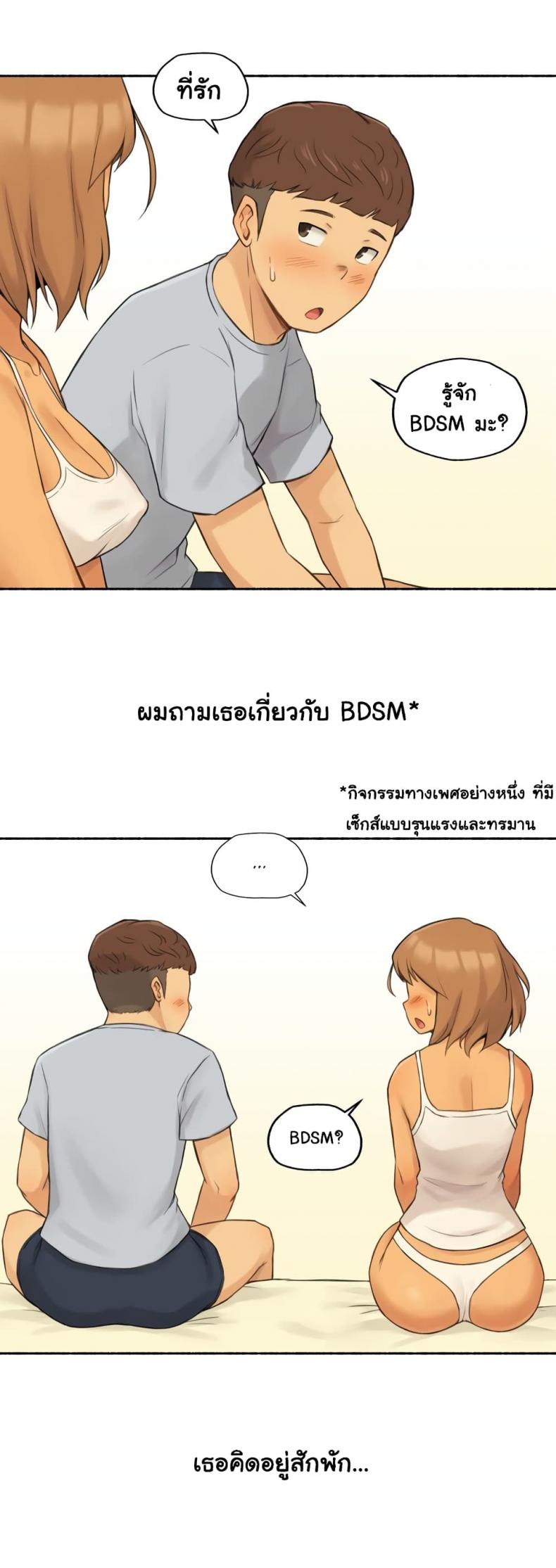 page-16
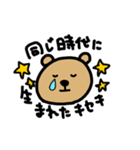 全力推し活くま（個別スタンプ：21）
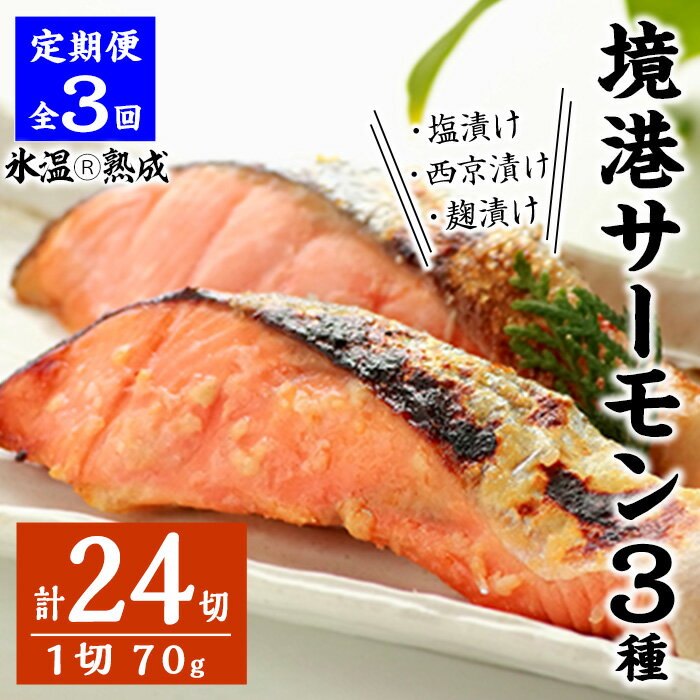 【ふるさと納税】＜定期便(3回)・数量限定＞氷温熟成 境港サーモン3種セット(8切×3ヶ月・計24切) 定期便 魚介類 魚 海鮮 鮭 サーモン 個包装 小分け 冷凍 塩漬け 西京漬け 麹漬け 切り身 塩切身 ご飯 米 おかず 手軽 【sm-DS002】【ダイマツ】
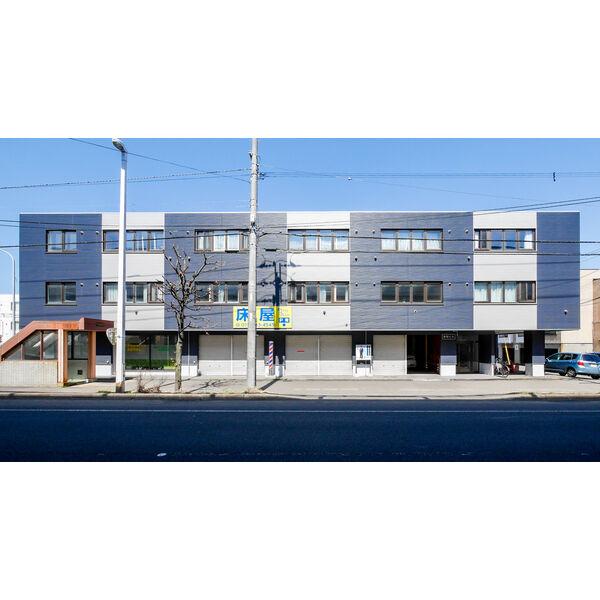 札幌市東区北三十四条東８
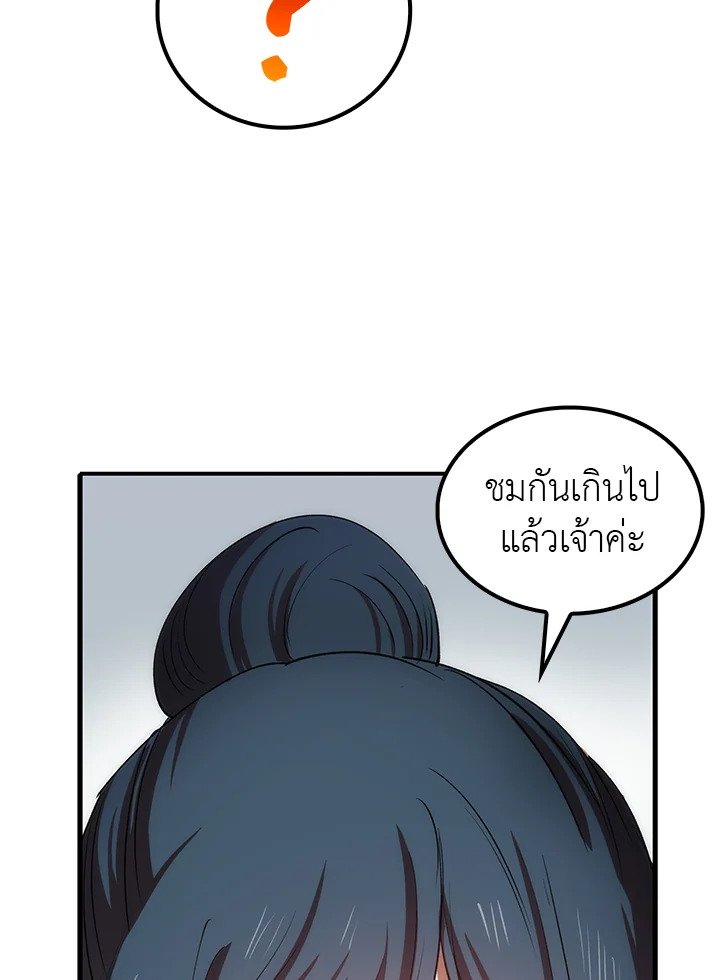 Doctor’s Rebirth ตอนที่ 10 110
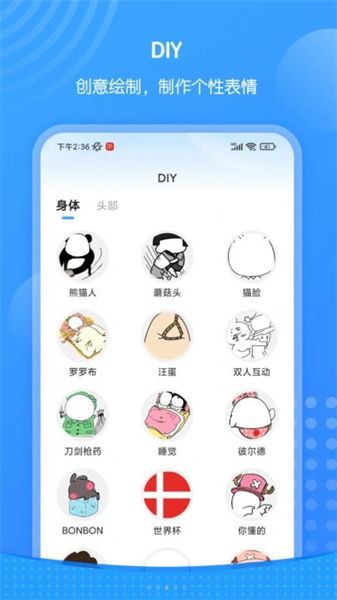 xiu表情包下载_xiu表情包app下载安卓最新版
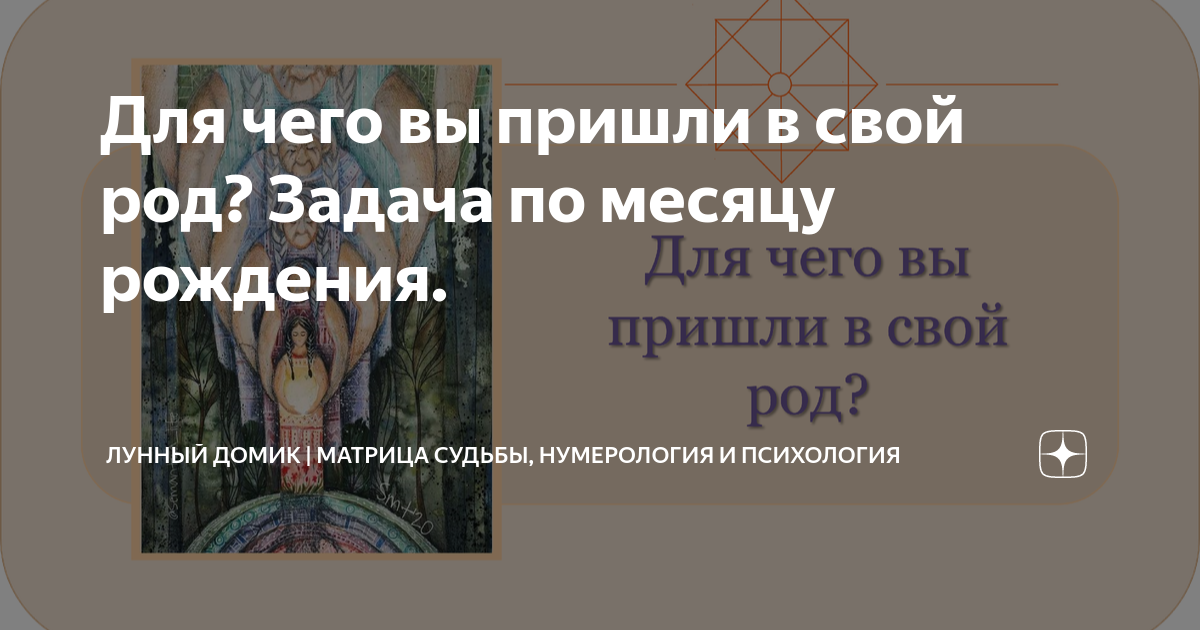Персонажи мультфильма барбоскины. все про барбоскиных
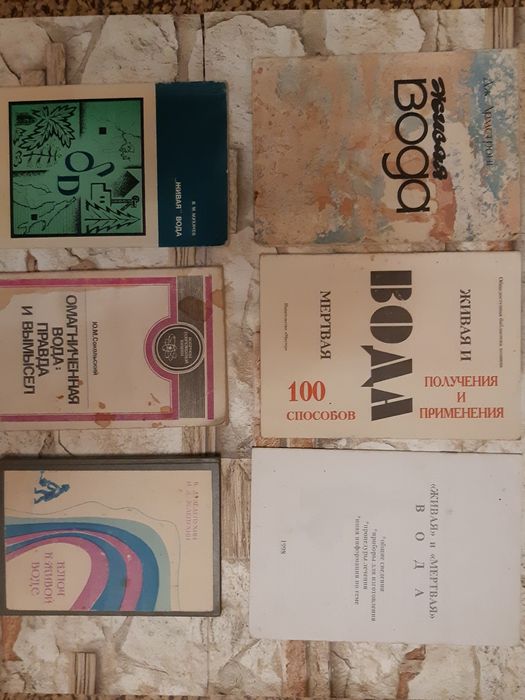 Сборник Неумывакин,Уильм Г.Бейтс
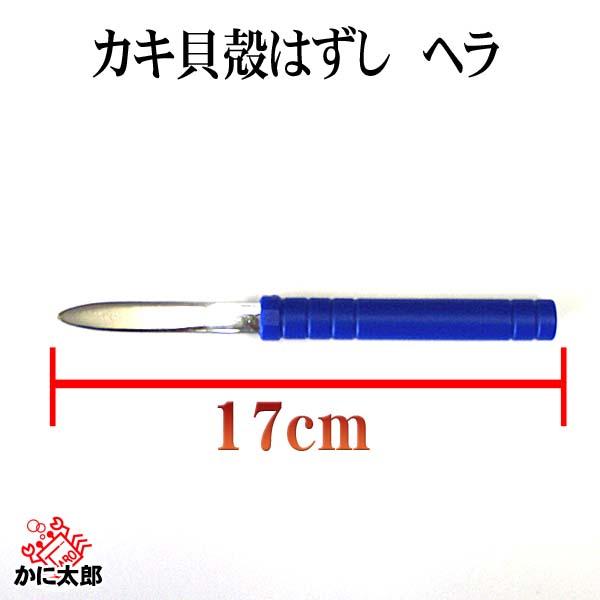 牡蠣 貝殻はずし用　ヘラ　ステンレスへら 爆買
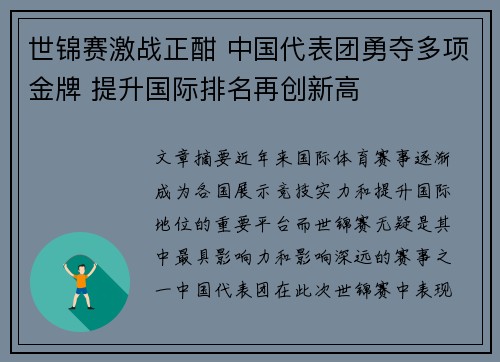 世锦赛激战正酣 中国代表团勇夺多项金牌 提升国际排名再创新高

What this task involves: All that is needed is the span from the line with "xiu表情包下载_xiu表情包app下载安卓最新版" through the last line of the material above, reproduced exactly and free of pictures.

Output below:
 xiu表情包下载_xiu表情包app下载安卓最新版
Персонажи мультфильма барбоскины. все про барбоскиных
 Сборник Неумывакин,Уильм Г.Бейтс
 牡蠣 貝殻はずし用　ヘラ　ステンレスへら 爆買
 世锦赛激战正酣 中国代表团勇夺多项金牌 提升国际排名再创新高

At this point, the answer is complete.